PROBLEM DESCRIPTION
Of all the lines in the entries below, give again exactly those starting at the line containing "Venecija blista: Turisti" and ending at the line containing "-老船夫婚宴婚庆会馆(延吉路店)", both ends included, and no others.

DATASET ENTRIES

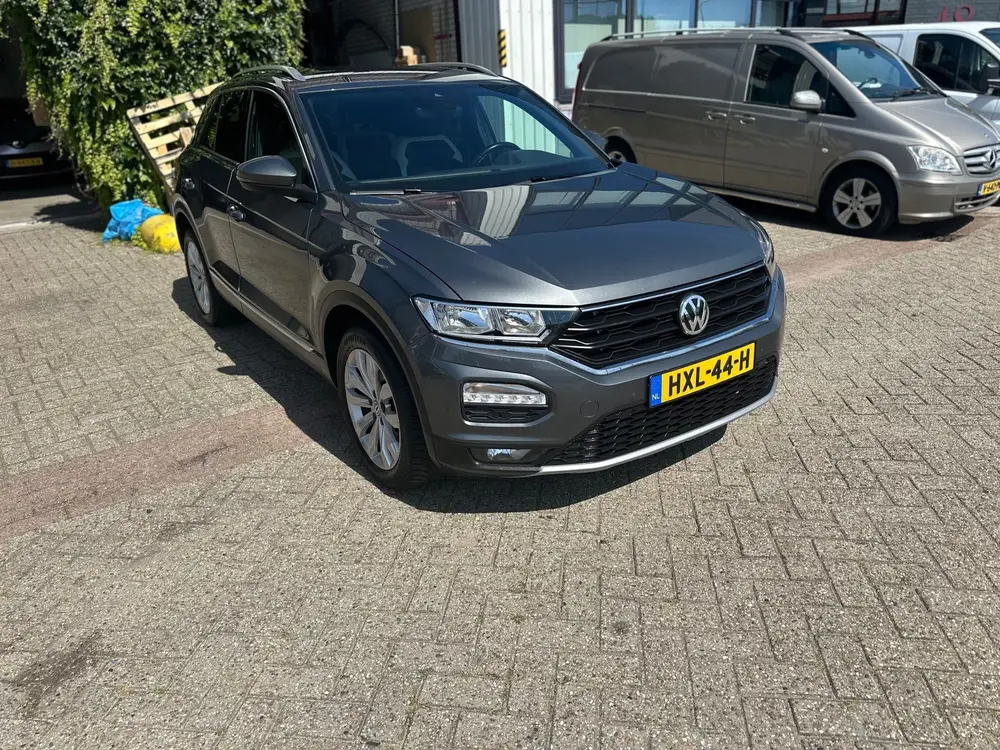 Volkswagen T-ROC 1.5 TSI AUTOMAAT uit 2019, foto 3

---

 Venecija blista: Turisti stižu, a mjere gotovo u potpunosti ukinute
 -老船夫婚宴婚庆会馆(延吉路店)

TASK RESULT
 Venecija blista: Turisti stižu, a mjere gotovo u potpunosti ukinute
 -老船夫婚宴婚庆会馆(延吉路店)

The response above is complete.